## WHAT YOU HAVE TO DO
Reproduce from the records below, with no pictures, exactly the lines between the one containing "White Colors Transformers" and the one containing "Personaliza tu vestido de novia", inclusive.

(RECORDS FOR THIS TASK Opens)

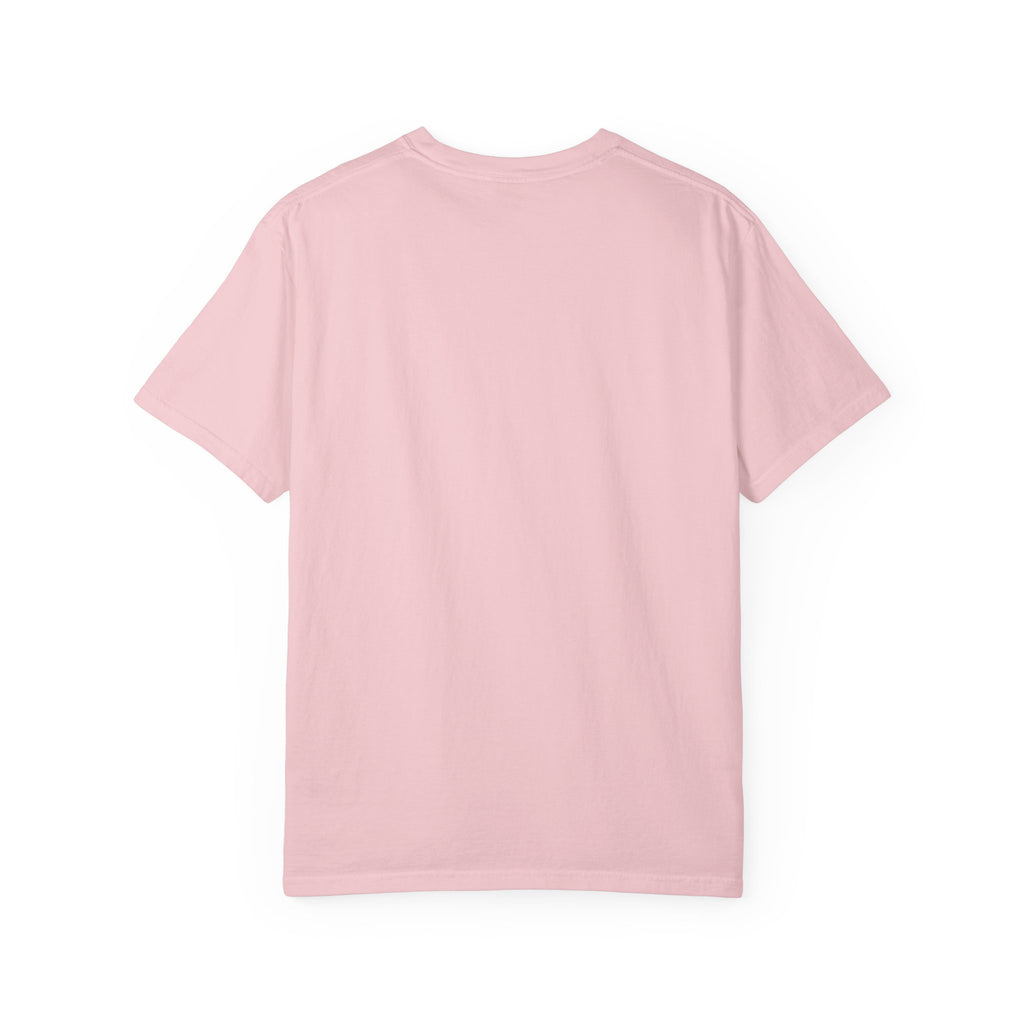 Pug T-Shirt — "Choose Happy" Cute Pug Graphic Tee
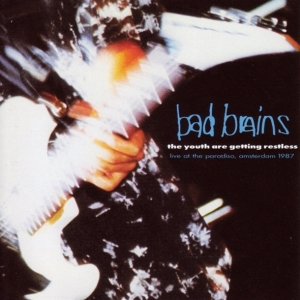 Bad Brains - The Youth Are Getting Restless i gruppen Annet /  hos Bengans Skivbutik AB (5562585)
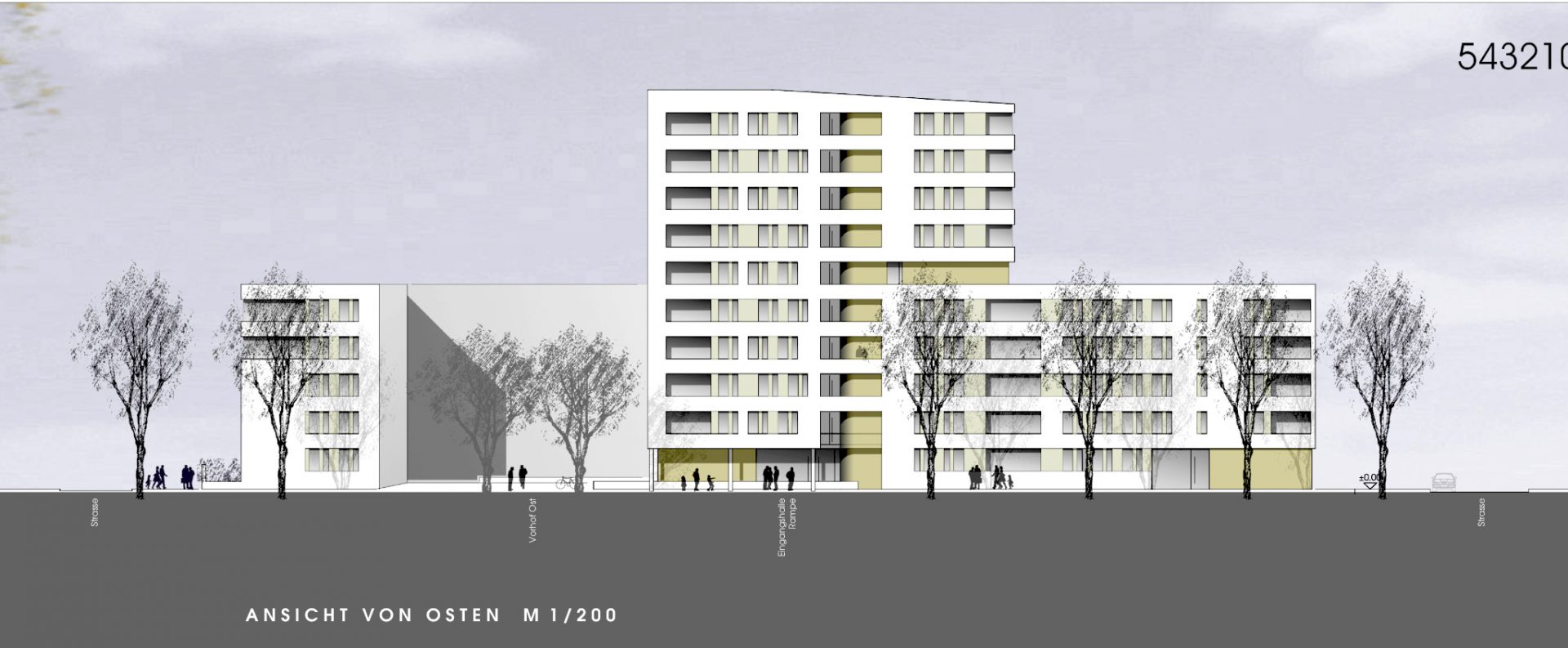 Realisierungswettbewerb WA14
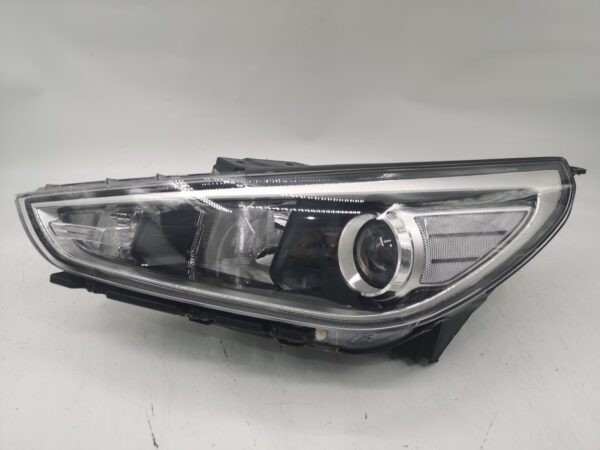 Hyundai I30 GO 2017-2019 HALOGEN L.H.S Headlight Assembly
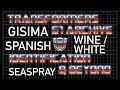 Transformers Generation One Gisima Seaspray G1 Vintage Rare Spanish Minibot Wine White Colors Transformers Generation One Gisima Seaspray G1 Vintage Rare Spanish Minibot Wine White Colors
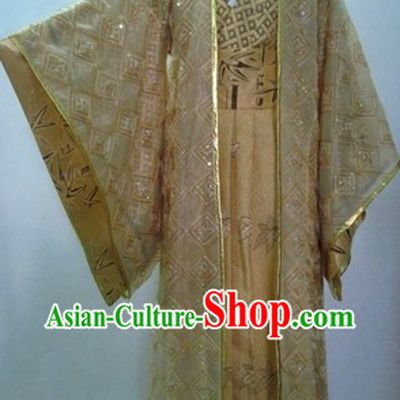 Ancient Chinese Tang Dynasty Prince Costumes for Men
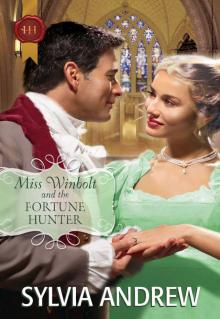 Miss Winbolt and the Fortune Hunter Read online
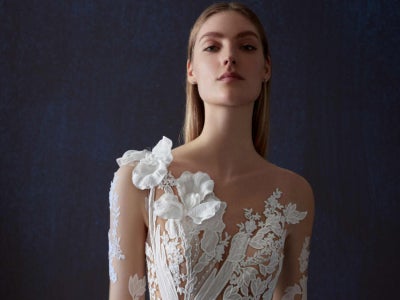 Personaliza tu vestido de novia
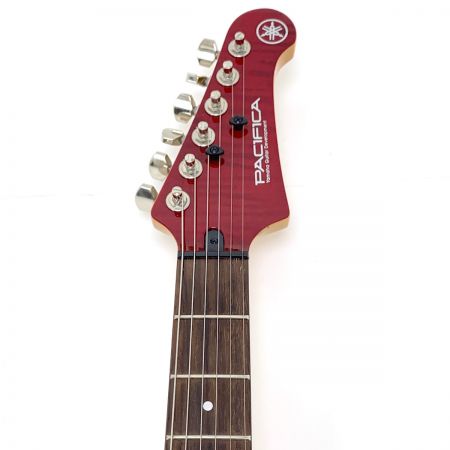  YAMAHA ヤマハ パシフィカ 612VIIFMX FRD エレキギター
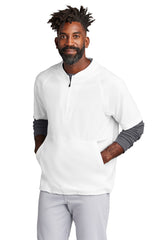 Sport-Tek® 1/2-Zip Short Sleeve Jacket
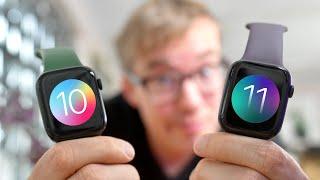 watchOS 11 ändert wieder alles Viel grösseres Update als gedacht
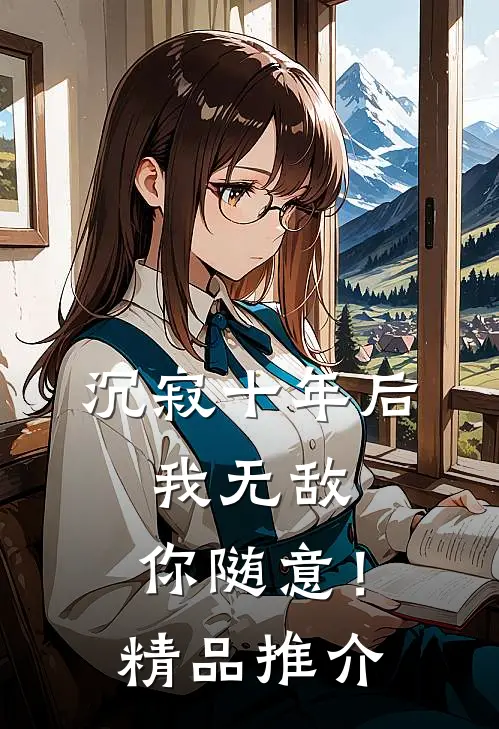 沉寂十年后，我无敌，你随意！精品推介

(RECORDS FOR THIS TASK Closes)

## EXPECTED ANSWER
 Transformers Generation One Gisima Seaspray G1 Vintage Rare Spanish Minibot Wine White Colors Transformers Generation One Gisima Seaspray G1 Vintage Rare Spanish Minibot Wine White Colors
 Ancient Chinese Tang Dynasty Prince Costumes for Men
 Miss Winbolt and the Fortune Hunter Read online
 Personaliza tu vestido de novia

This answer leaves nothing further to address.